# OMG! Maxi "almost" ate a live bird??!!



## GoldenMum (Mar 15, 2010)

My Bonnie had eaten live birds, with no issues. I think that bird dog of yours will be just fine!


----------



## Amystelter (Jul 31, 2013)

Wendy427 said:


> Yep, happened yesterday afternoon. She caught a small bird hopping around in my day lilies. It was in her mouth, and it really looked like she was trying to eat it! :yuck: Of course she wouldn't drop it, and I certainly wasn't going to try to grab it :no:
> 
> Well, after about 30 seconds she wasn't "chewing" any more, and was staring at a bird (not sure, at the time, if it was the same bird) sitting on the fence next to her.
> 
> ...


I had a black lab for a short time in my earlier days. I also had a pair of parakeets, tweedle dee and tweedle dum. They were in a typical tall standing bird cage. One day I came home to a flattened cage with no dee or dum to be found. I quickly drew the conclusion that midnight, aka, Houdini ate them. At the he time I was very sad and mad, but in hind site I laugh. Crazy dog was not a good fit at the time and I should have known better. Anyway midnight was fine and it was weird because I never saw any remnence of the birds. It's like he totally digested them.
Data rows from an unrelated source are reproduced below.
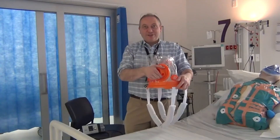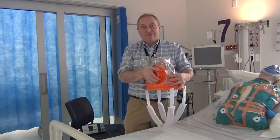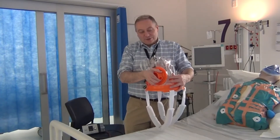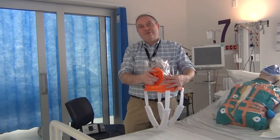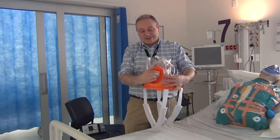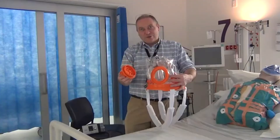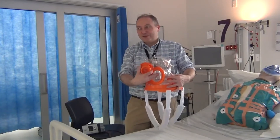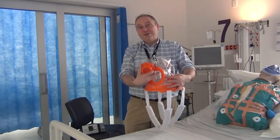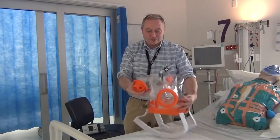The next feature is the free breathe valve. This serves several different functions. Most importantly, if the patient starts to feel very claustrophobic or feels that they're going to be sick and you need to get access to the patient without taking the hood off, you can spin this and remove it. You now have free access into the patient's face. You can put a suction catheter or a Yankauer in to deal with any secretions or nausea and vomiting.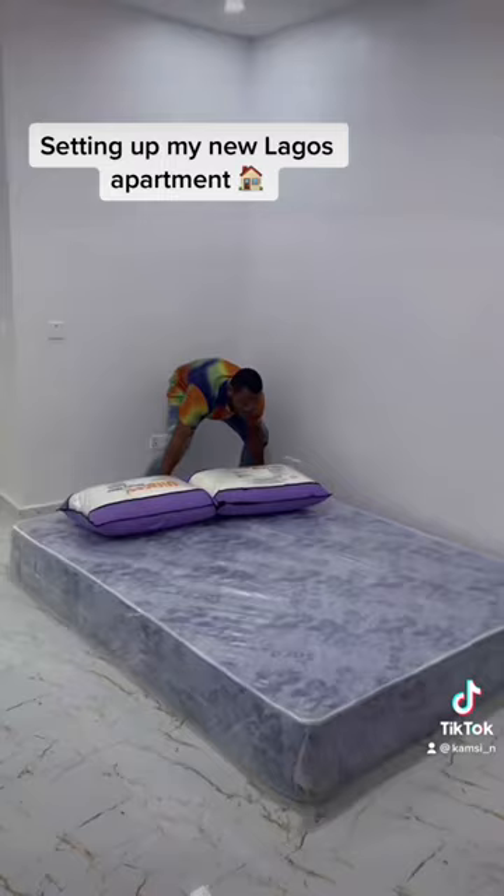Me trying to set it up. My mattress also came in, and I'm also trying to change the countertops in my kitchen.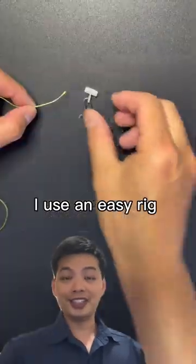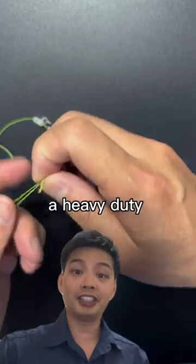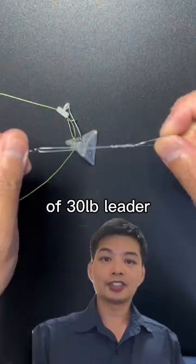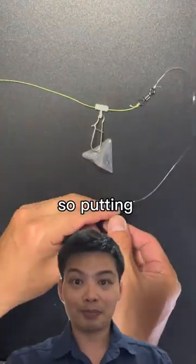For the rig, I use an easy rig running on the main line, to which I clip a star sinker. This is then tied onto a heavy duty swivel with the five turn uni knot. One meter of 30 pound braid, to which I tie a 5-0 hook. For bigger baits, sometimes I tie two hooks. So putting it all together.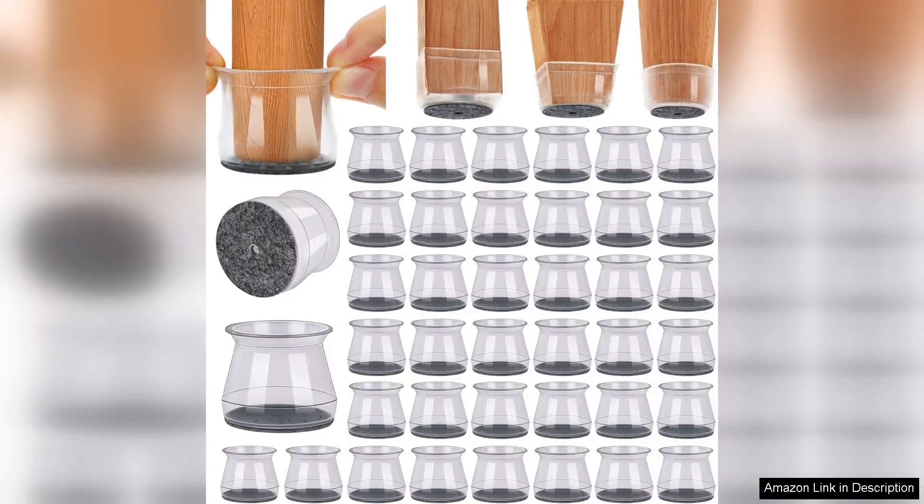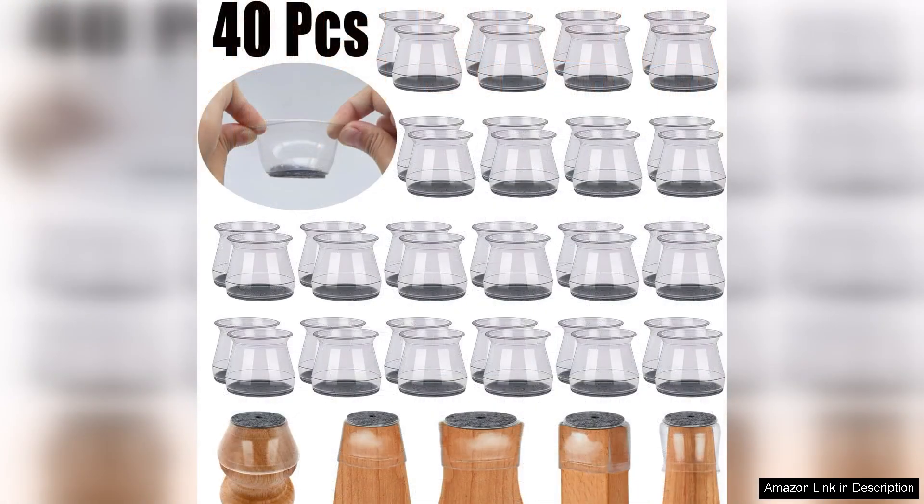I recently purchased the Bumako 40PC's chair leg floor protectors and I must say, they have exceeded my expectations. These little gems are a game changer for anyone looking to protect their hardwood floors from unsightly scratches and dents. The package comes with 40 protectors in various sizes, making it easy to find the right fit for all my furniture.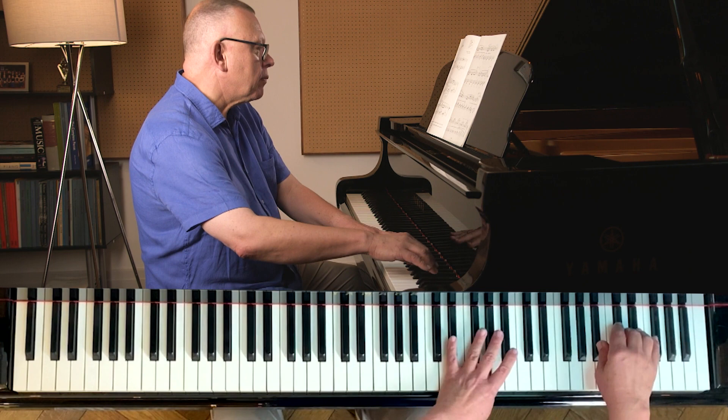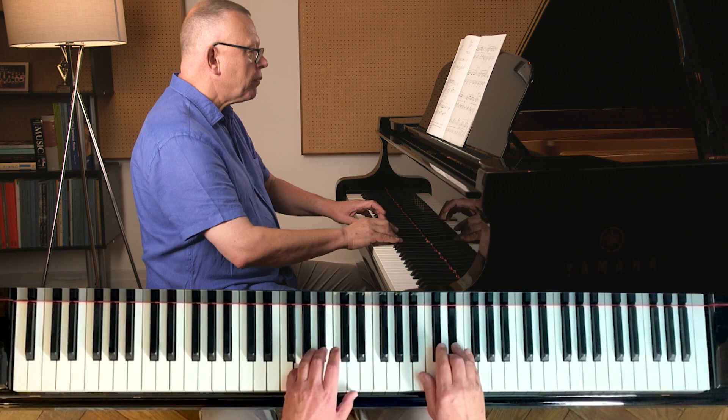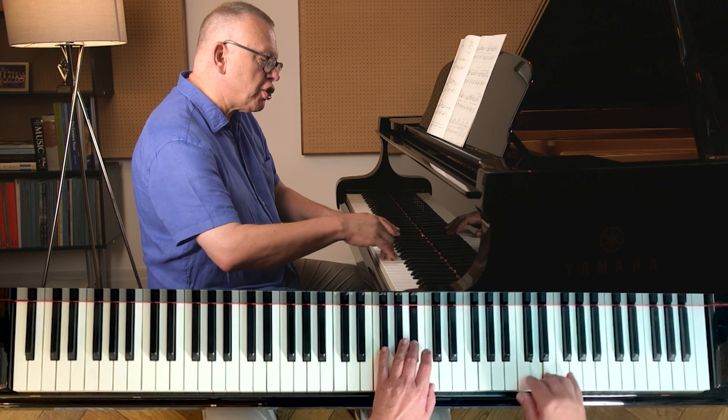What do you think? I'm wondering if I can get away with even longer pedaling — perhaps not at the start, because in that register of the instrument we've got much more resonance, but as we go up higher, the resonance starts to thin out. I'm going to change here, but I'm going to see what it feels like not to change.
House never smelled either so . . . It's amazing what our dogs eat with no prob.


----------



## hubbub (Jun 28, 2011)

My friend's girl would knock the babies out of nests in the shrubs and swallow them whole. BLECH! :yuck:


----------



## thomas&betts (May 13, 2014)

goldenmum said:


> my bonnie had eaten live birds, with no issues. I think that bird dog of yours will be just fine!


Until she discovers *RABBIT *! !:


----------



## Wendy427 (Apr 4, 2009)

thomas&betts said:


> Until she discovers *RABBIT *! !:


We have lots of rabbits where I live. In fact, Maxi missed grabbing a youngun just a couple of days ago, but it escaped through my fence!


----------